#### Description of the task:
Only one span is wanted from the lines below: from the one with "110 m² land in Matsudo, Chiba - Photo 1" up to and including the one with "Квартира в ARMANI". Copy it exactly, without images.

=== Input for this task ===

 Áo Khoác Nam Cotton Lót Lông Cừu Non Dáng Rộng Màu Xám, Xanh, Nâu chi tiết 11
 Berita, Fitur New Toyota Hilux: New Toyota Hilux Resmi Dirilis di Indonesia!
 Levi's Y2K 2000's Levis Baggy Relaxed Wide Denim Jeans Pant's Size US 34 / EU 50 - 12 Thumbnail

===
=== Input for this task ===

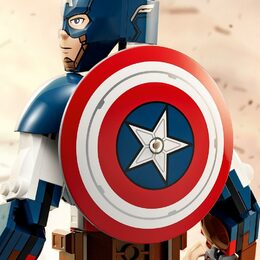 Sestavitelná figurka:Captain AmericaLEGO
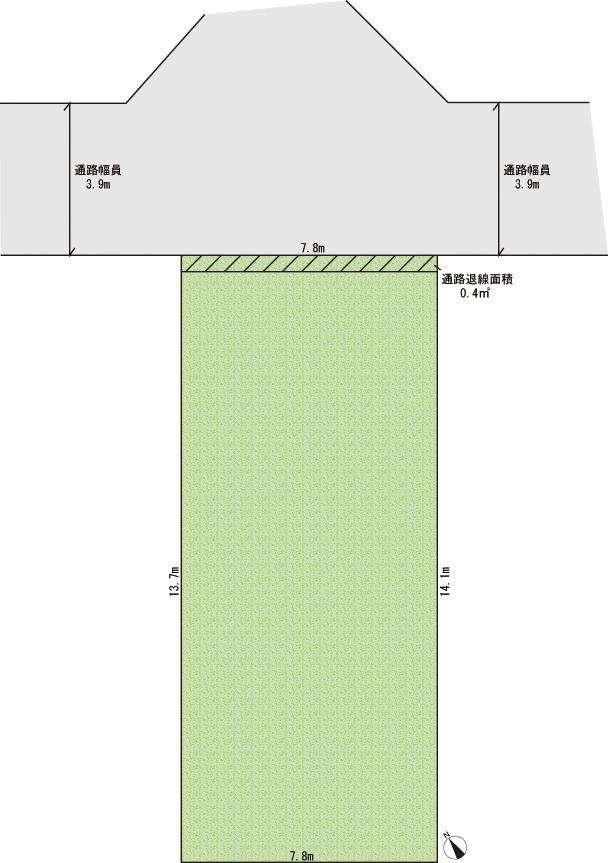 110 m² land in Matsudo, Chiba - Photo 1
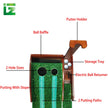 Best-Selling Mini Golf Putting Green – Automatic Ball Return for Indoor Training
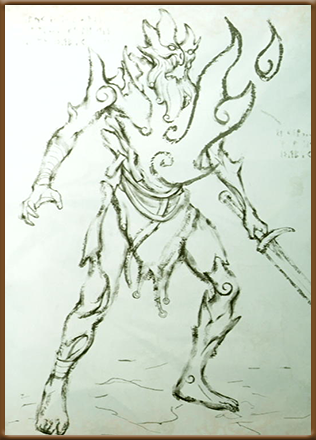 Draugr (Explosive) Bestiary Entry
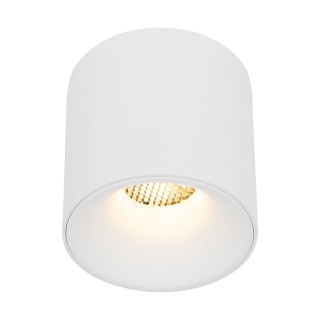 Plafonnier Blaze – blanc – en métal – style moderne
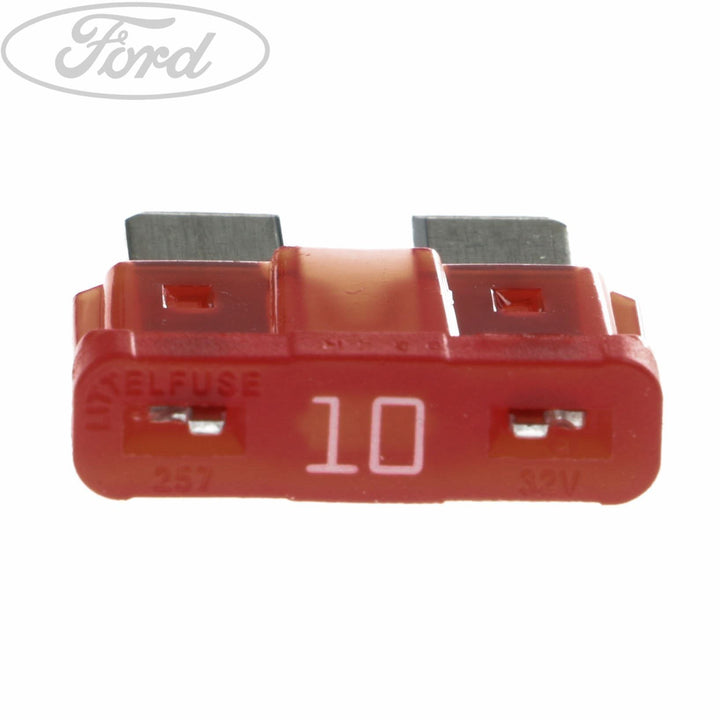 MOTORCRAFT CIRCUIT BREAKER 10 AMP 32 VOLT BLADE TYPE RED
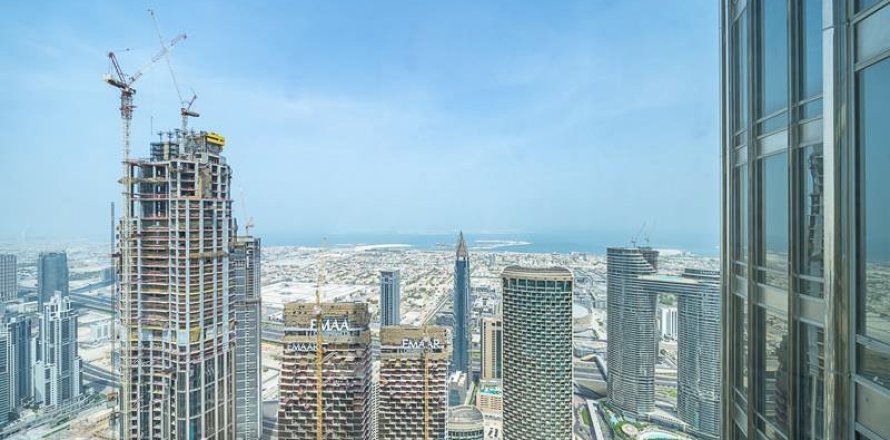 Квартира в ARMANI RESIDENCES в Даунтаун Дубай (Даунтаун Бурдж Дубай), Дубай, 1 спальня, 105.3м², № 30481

===

#### Exercise solution:
 110 m² land in Matsudo, Chiba - Photo 1
 Best-Selling Mini Golf Putting Green – Automatic Ball Return for Indoor Training
 Draugr (Explosive) Bestiary Entry
 Plafonnier Blaze – blanc – en métal – style moderne
 MOTORCRAFT CIRCUIT BREAKER 10 AMP 32 VOLT BLADE TYPE RED
 Квартира в ARMANI RESIDENCES в Даунтаун Дубай (Даунтаун Бурдж Дубай), Дубай, 1 спальня, 105.3м², № 30481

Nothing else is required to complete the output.